容態の安定が必要だった清彦が復員したのは、終戦から丸2年経った1947年秋の事である。この時はすでに日本政府による復員船はなく、アブドゥルの伝手でバンコクからの難民船「比婆丸」の片隅に乗っての復員となった。
神戸に着いたとき、空の色はビルマの地のそれのような残酷な群青とは似ても似つかない穏やかな青だったが、岸壁には、古びた荷役クレーンが錆び色に光っているのみ。旗を振る人も出迎えの声もなく、ただ自分の影だけがそこに立っていた。
清彦は帰国したという安堵や喜びよりも、糸の切れた凧のような所在のなさを強く感じていた。自動的に列車に乗せられ、故郷の熊本に戻ったのは、上陸した次の日のことである。
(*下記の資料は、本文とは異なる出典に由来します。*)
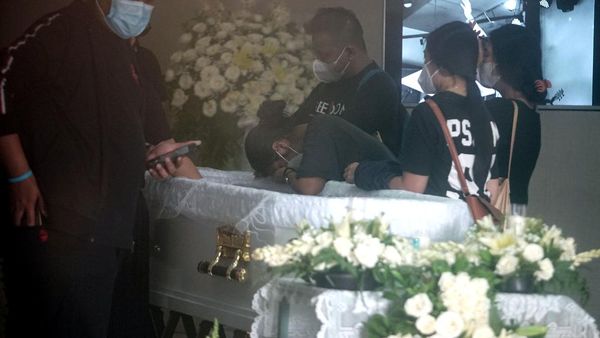 Joanna Alexandra Tegar Melepas Raditya Oloan
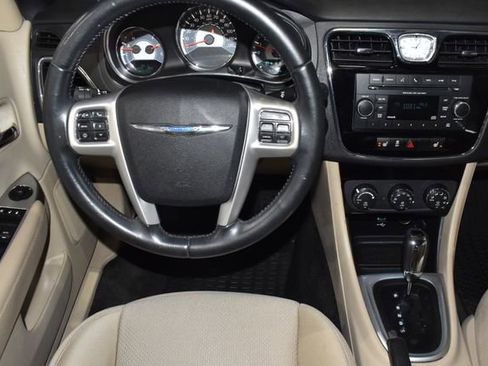 Used 2012 Chrysler 200 Touring w/ Cold Weather Group image 13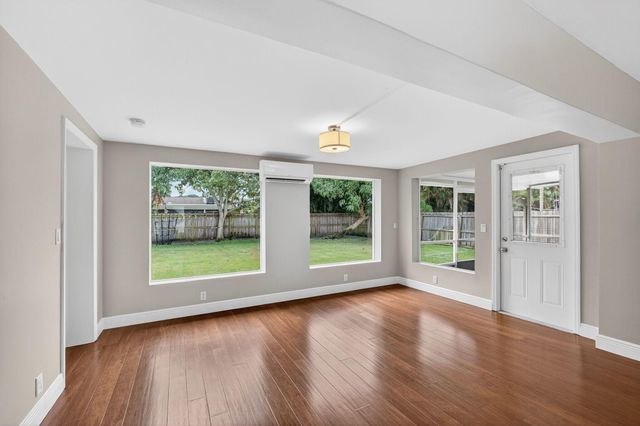 4368 Fuschia Circle N, Palm Beach Gardens, FL 33410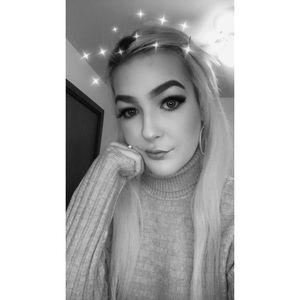 Meet your Posher, Kaitlin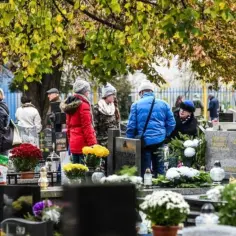 Dlaczego na cmentarzu nie śmierdzi? Odkryj tajemnice pochówku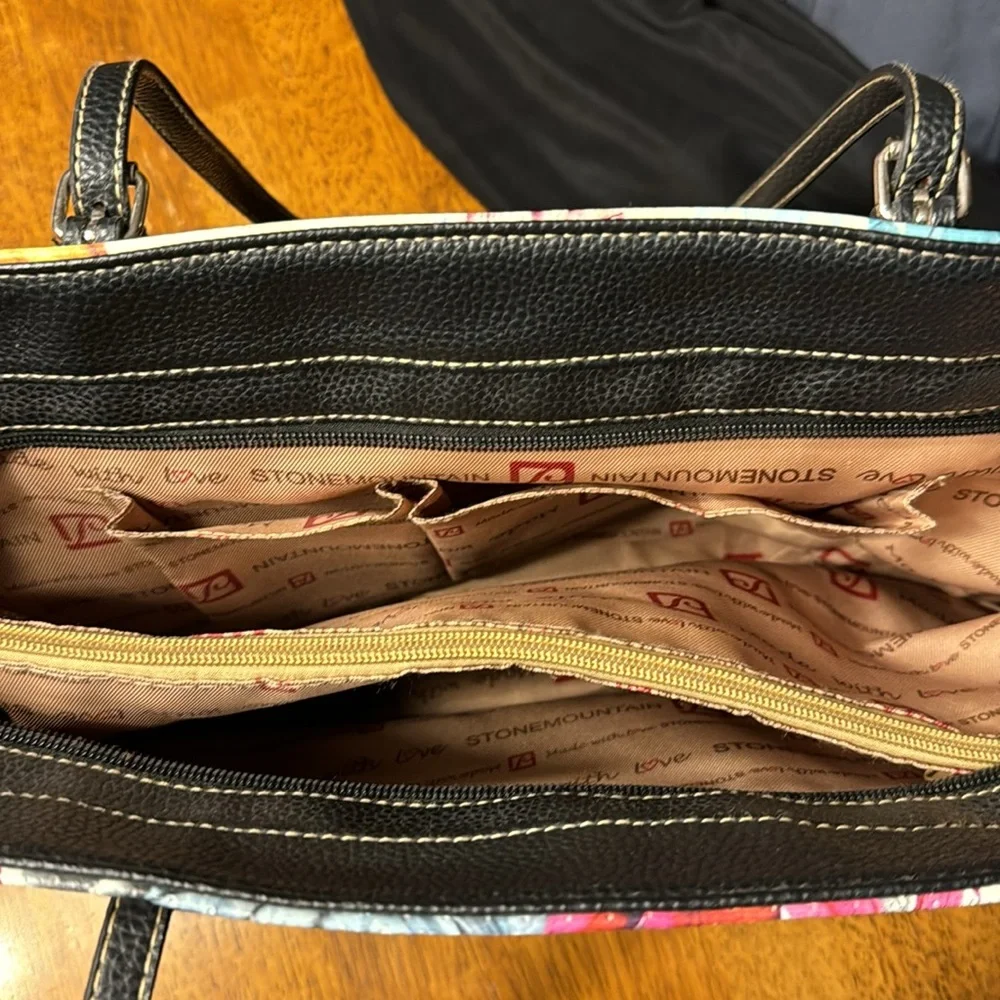 NWOT  leather tote/shoulder bag. - Picture 11 of 11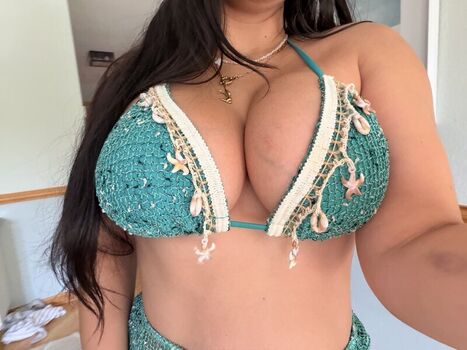 Full leaked Pouty panda private onlyfans photo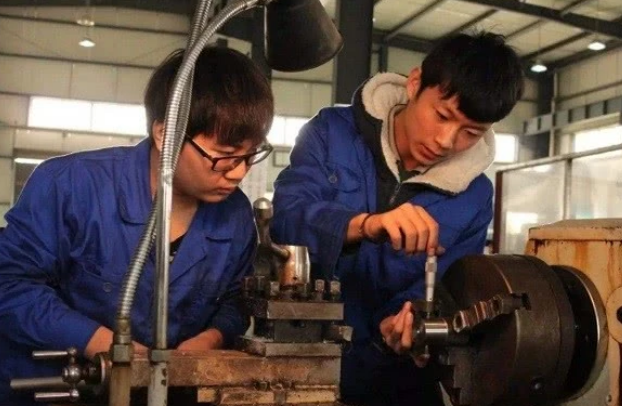 机械@大学最可能“打光棍”的3大专业，人称“和尚班”，少有女生报考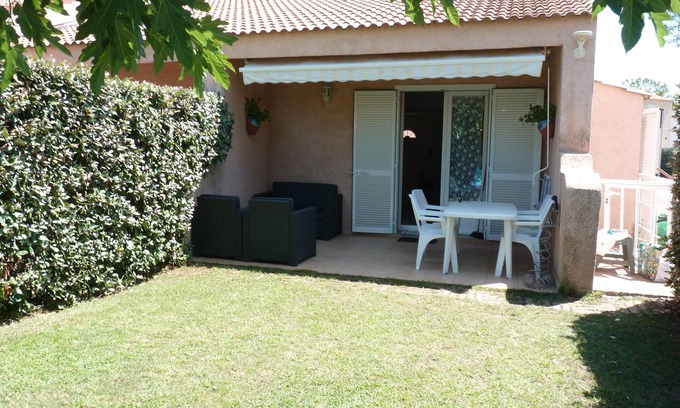 Pineto Villa | Mini villa by the sea, gated residence with trees.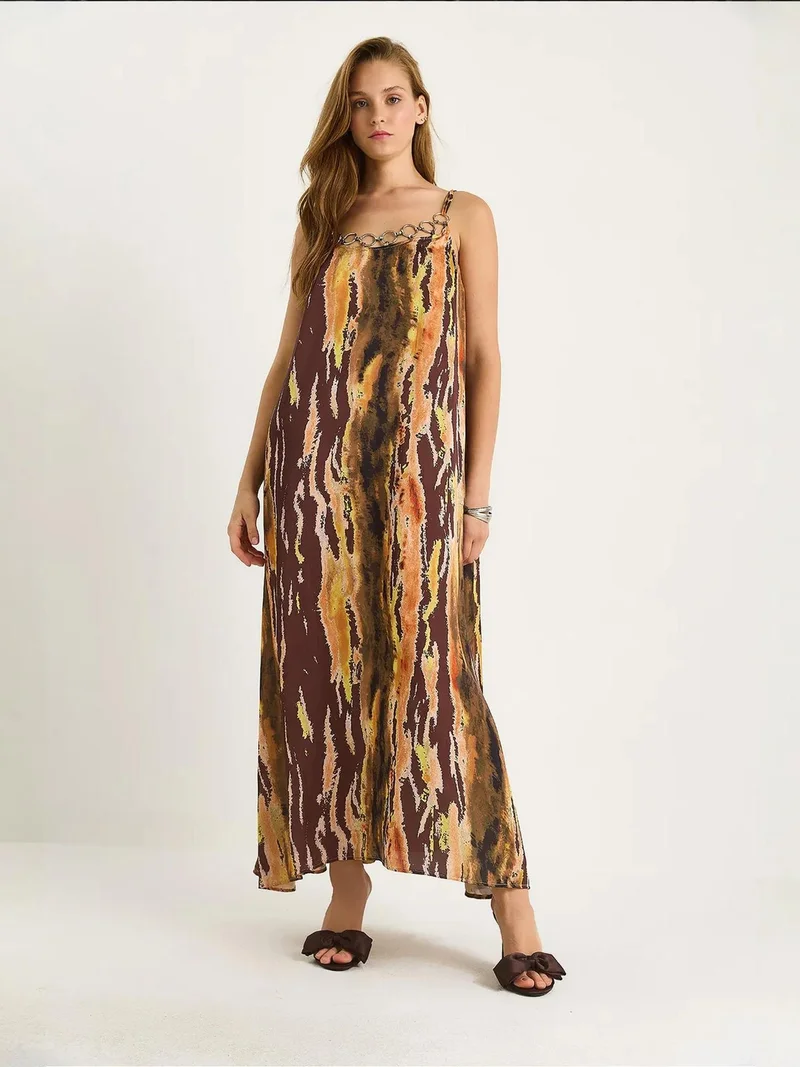 بيانكو لوتشي فستان ماكسي مطبوع بياقة مربعة وفتحة من لوكسي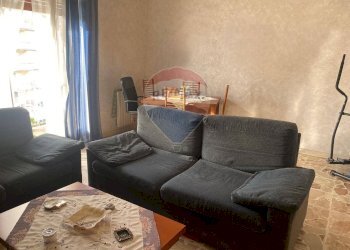 Sala da pranzo - Appartamento Viale Delle Medaglie D'oro
 
6/G, Catania - foto 5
帰国した次の日の夕方少し前、夢の冒頭、幼かった蓮の祖父、清志郎が清彦の膝の上で甘えていた、かつての蓮の実家の門の前に、片脚を失い杖をついた清彦は立っていた。
わずかに逡巡した後、清彦は門をくぐる。妻の春江が玄関横の庭の掃除をしていたが、顔を上げ清彦の顔を見て、驚き、しかし、何やら悲しそうな複雑な表情をした。
いや、そこは、喜ぶところじゃないのかよ?
口元を押さえ春江は家の中に駆け込んでいく。何やら複数人の声が聞こえてくるが何をしゃべっているかはわからない。しかし、清彦は何となくこの後の自分の運命を予感していた。